UAW President Shawn Fain shares future union goals before U.S. Congress
LANSING, Mich. (WILX) - UAW President Shawn Fain appeared before U.S. Congress Tuesday, sharing the auto union’s goals for the future, as votes on a tentative deal with General Motors continue to roll in.
Contract deals are on the horizon for all of the auto industry “big three,” but before anyone signs on the dotted line, Fain has made a public promise to bring non-union plants under union contracts.
“And when these members, these workers decide to organize and join the UAW, they’re going to recognize the full benefit of union membership,” Fain told members of Congress on Tuesday.
At a time when low wages and high inflation are causing worker tensions across all industries to climb, Michigan State University Professor of Supply Chain Management, Dr. Steven Melnyk said, Fain could be successful in that effort, as would other groups looking to unionize.
“I think we’re going to see other industries look seriously as unionization,” Melnyk said. “Unionizations have gone down. We’re going to see a pickup on it, because I think the conditions are right.”

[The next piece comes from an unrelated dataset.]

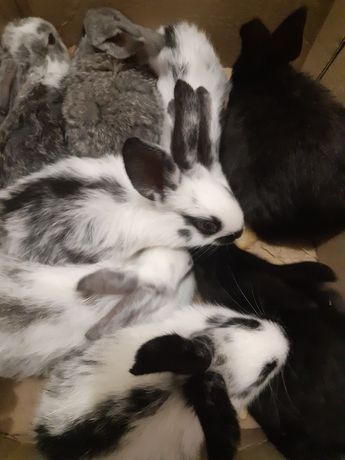 Продам кроликов 1,2-х.месячных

Non-union automakers like Toyota and Hyundai have already announced wage increases of their own, in hopes of competing with wages promised in contracts between the UAW and Ford, Stellantis and General Motors. It’s a move that Fain pointed out in his testimony.
“They’re going to follow out pattern and raise wages by 25% for their employees through the year 2028,” he said. “We call that the UAW bump, and that stands for ‘you are welcome.’”

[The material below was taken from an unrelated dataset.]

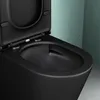 Mai & Mai Stand-WC aus Keramik spülrandloses-WC Anthrazit Produktbild-Vorschau 5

Considering the growing drive to unionize, Melnyk is anticipating that companies will take one of two approaches in response.
“We’re either going to see what Starbucks does, which is, if a store becomes unionized, they’ll shut it down and then they’ll open up another place down the road,” he said. “Or we’re going to see others which say, this is a symptom, something’s not right, what can we do to correct it.”

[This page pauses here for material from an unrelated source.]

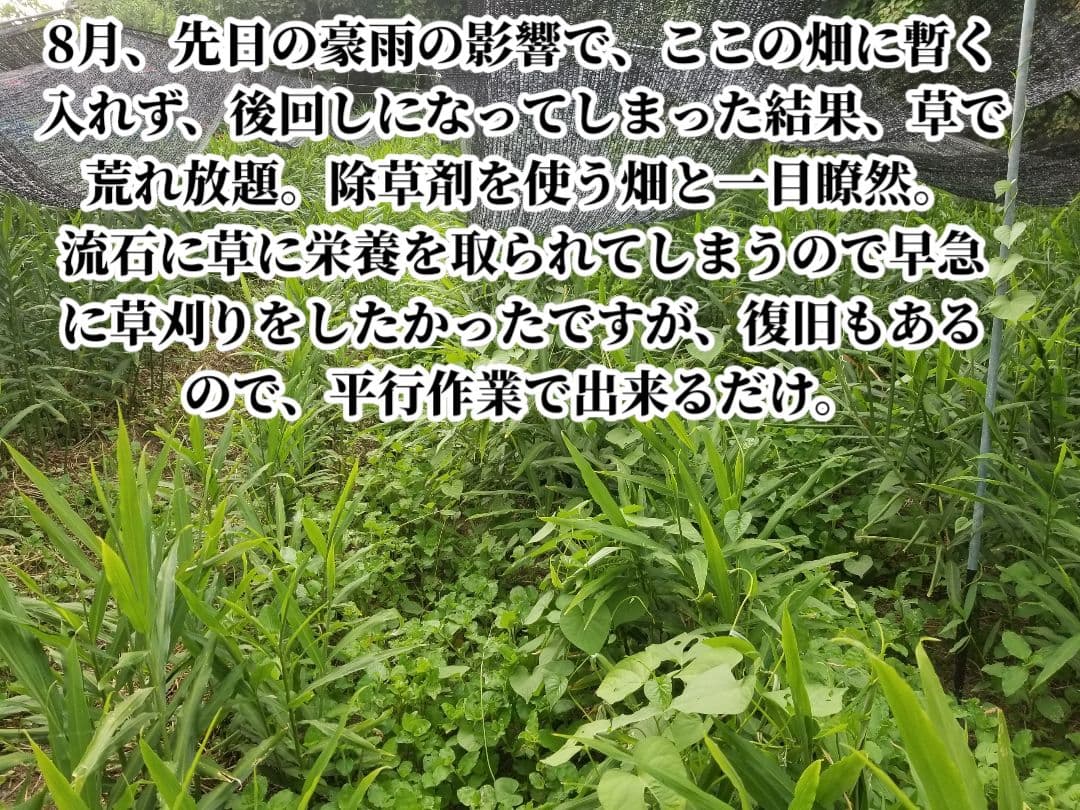 lemontree 古根生姜 5kg 農薬肥料不使用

While some consumers have expressed concern over a potential increase in the cost of vehicles following the deals, Melnyk said people should be aware that the increase will be slight. He said if strikes by the UAW, SAG-AFTRA, Blue Cross Blue Shield, and sectors of the food service industry are any indication, the desire for better wages and benefits from workers, is not going away.
Meanwhile, UAW workers in Lansing continue casting their votes on the proposed contract between the UAW and General Motors. Results from Local 602, representing the GM Lansing-Delta Assembly Plant show an overwhelming “no” vote, by 61 percent. Although a closer race, workers nearby at Local 598 in Flint also voted “no” by 51.8 percent.
Union members from the GM Grand River Assembly Plant (Local 652) and the GM Lansing Parts Distribution Center (Local 1753) will continue voting until midnight.